Cette proposition de loi n'est pas seulement un acte de justice ou une mesure symbolique qui se justifierait par elle-même : elle s'inscrit dans un contexte de recrudescence alarmante de la violence et de la discrimination à l'encontre des personnes LGBT. À cet égard, elle est un acte politique. Elle envoie en effet un signal fort à la société qui, malgré des avancées significatives en matière de droits et de reconnaissance, ne parvient pas à endiguer la progression de l'homophobie, de la transphobie ou d'autres discriminations fondées sur le genre ou l'orientation sexuelle.

En 2022, les services de police et de gendarmeries ont enregistré 2 417 crimes et délits anti-LGBT, chiffre qui a plus que doublé depuis 2016. Selon plusieurs enquêtes, 20 % seulement des victimes de menaces ou de violences anti-LGBT portent plainte, chiffre qui chute dramatiquement à 5 % en cas d'injure. Ces statistiques ne sont pas seulement des chiffres, mais aussi le reflet des souffrances endurées, souvent rendues invisibles et parfois vécues dans un silence coupable.

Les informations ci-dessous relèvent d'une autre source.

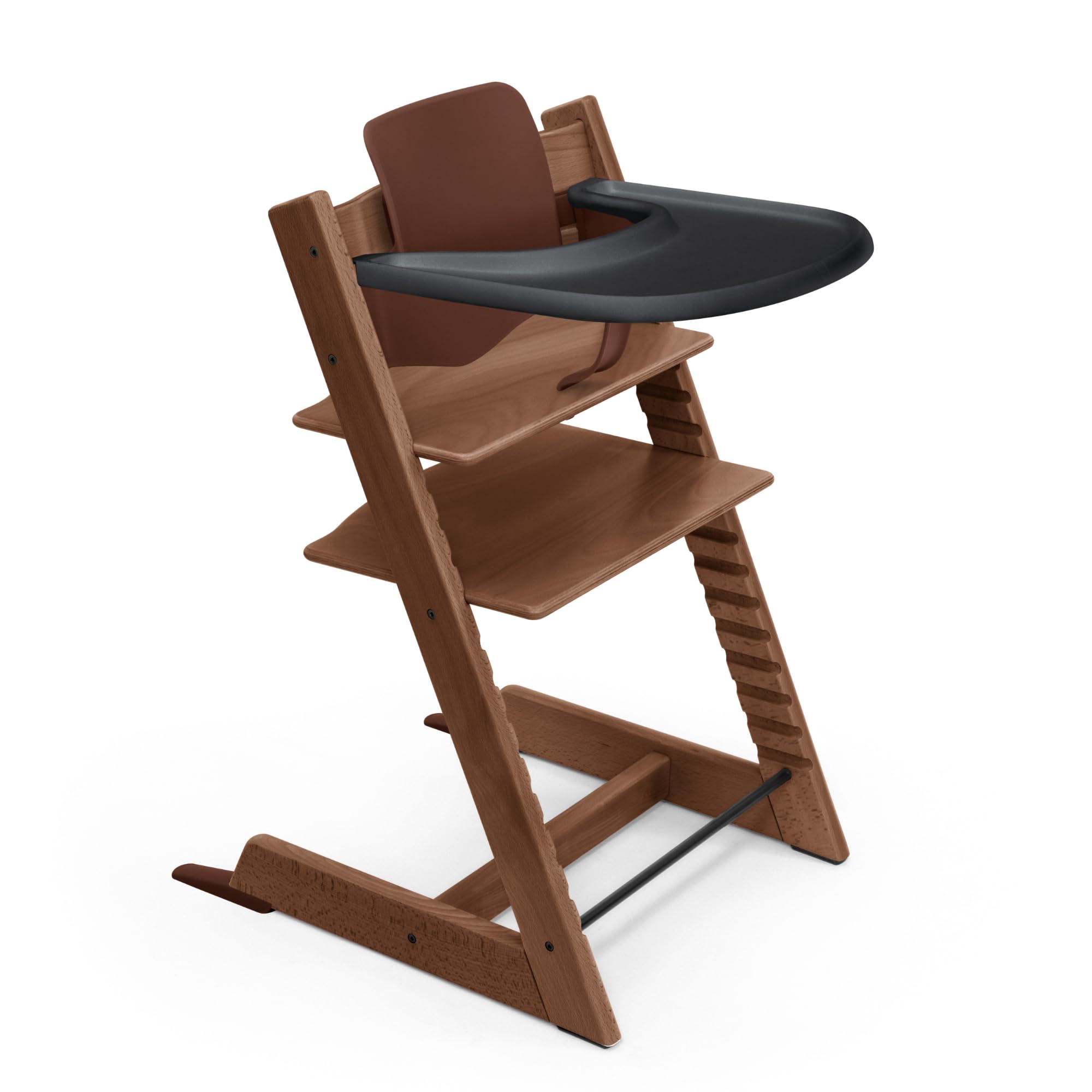 Stokke Tripp Trapp High Chair (Warm Brown) with Stokke Tray (Black)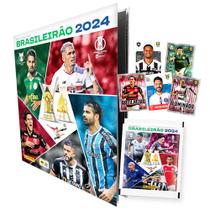 Kit Album Capa Dura Brasileião 2024 + 300 Figurinhas (60Env) Campeonato Brasileiro 2024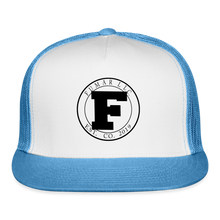 Load image into Gallery viewer, Fumar Trucker Hat - white/blue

Ce contexte nous oblige à avoir des actes forts et une parole claire. Cette proposition de loi en est l'occasion.

La France affiche une histoire assez singulière en matière de pénalisation de l'homosexualité. Alors que, sous l'Ancien Régime, celle-ci était un crime passible de la peine du feu, le code pénal issu des lois de 1791 a fait disparaître de notre droit national ce que l'on appelait le crime de sodomie, c'est-à-dire l'ensemble des actes sexuels sans visée procréative. C'est ainsi qu'ont été dépénalisées les relations entre personnes de même sexe.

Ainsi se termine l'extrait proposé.